Containers
During the 1990s and early 2000s, the standard way to deploy applications to the internet was to get a server instance, copy the code or binary onto the instance, and then start the program. This worked great for a while, but soon complications began to arise:
- Code that worked on the developer’s machine might not work on the server.
- Programs that ran perfectly on a server instance might fail upon applying the latest patch to the server’s OS.
- For every new instance added as part of a service, various installation scripts had to be run so that we can bring the new instance to be on par with all the other instances.
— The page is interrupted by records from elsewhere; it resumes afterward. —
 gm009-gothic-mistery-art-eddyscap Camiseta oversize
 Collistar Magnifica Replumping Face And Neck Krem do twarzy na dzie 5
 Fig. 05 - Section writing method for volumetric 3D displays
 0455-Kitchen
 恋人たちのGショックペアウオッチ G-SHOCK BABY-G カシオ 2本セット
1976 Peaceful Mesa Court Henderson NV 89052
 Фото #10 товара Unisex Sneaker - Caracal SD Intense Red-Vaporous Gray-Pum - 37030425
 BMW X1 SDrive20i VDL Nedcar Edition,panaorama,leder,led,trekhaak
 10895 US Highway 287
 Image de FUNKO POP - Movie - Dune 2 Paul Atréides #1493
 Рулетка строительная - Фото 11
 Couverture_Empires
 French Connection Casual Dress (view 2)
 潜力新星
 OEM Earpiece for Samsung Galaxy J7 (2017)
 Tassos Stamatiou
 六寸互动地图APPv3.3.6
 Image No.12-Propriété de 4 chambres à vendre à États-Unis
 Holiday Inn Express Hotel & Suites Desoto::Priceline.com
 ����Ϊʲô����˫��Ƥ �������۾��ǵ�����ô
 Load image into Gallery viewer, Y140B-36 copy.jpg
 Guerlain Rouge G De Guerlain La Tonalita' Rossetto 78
This can be a very slow process.
- Extra care had to be taken to ensure that the new instance and all the software versions installed on it are compatible with the APIs being used by our program.
- It was also important to ensure that all config files and important environment variables were copied to the new instance; otherwise, the application might fail with little or no clue.
- Usually the version of the program that ran on local system versus test system versus production system were all configured differently, and this meant that it was possible for our application to fail on one of the three types of systems. If such a situation occurred, we would end up having to spend extra time and effort trying to figure out whether the issue is specific to one particular instance, one particular system, and so on.
Containers try to solve this problem using OS-level virtualization.
All programs and applications are run in a section of memory known as user space. This allows the operating system to ensure that a program is not able to cause major hardware or software issues.
The real advantage of containers is that they allow us to run applications in isolated user spaces, and we can even customize the following attributes of user spaces:
- Connected devices such as network adapters and TTY
- CPU and RAM resources
- Files and folders accessible from host OS
Docker
The biggest advantage of a VM is that we can run different types of OSes on a system, for example, Windows, FreeBSD, and Linux. In the case of Docker, we can run any flavor of Linux, and the only limitation is that it has to be Linux.
The biggest advantage of Docker containers is that since it runs natively on Linux as a discrete process making it lightweight and unaware of all the capabilities of the host OS.
- Dockerfile: It consists of instructions on how to build an image that runs our program.
- Docker client: This is a command-line program used by the user to interact with Docker daemon.
- Docker daemon: This is the Daemon application that listens for commands to manage building or running containers and pushing containers to Docker registry. It is also responsible for configuring container networks, volumes, and so on.
- Docker images: Docker images contain all the steps necessary to build a container binary that can be executed on any Linux machine with Docker installed.
- Docker registry: The Docker registry is responsible for storing and retrieving the Docker images. We can use a public Docker registry or a private one. Docker Hub is used as the default Docker registry.
- Docker Container: The Docker container is different from the Container we have been discussing so far. A Docker container is a runnable instance of a Docker image. A Docker container can be created, started, stopped, and so on.
- Docker API: The Docker client we discussed earlier is a command-line interface to interact with Docker API. This means that the Docker daemon need not be running on the same machine as does the Docker client. The default setup that we will be using throughout the book talks to the Docker daemon on the local system using UNIX sockets or a network interface.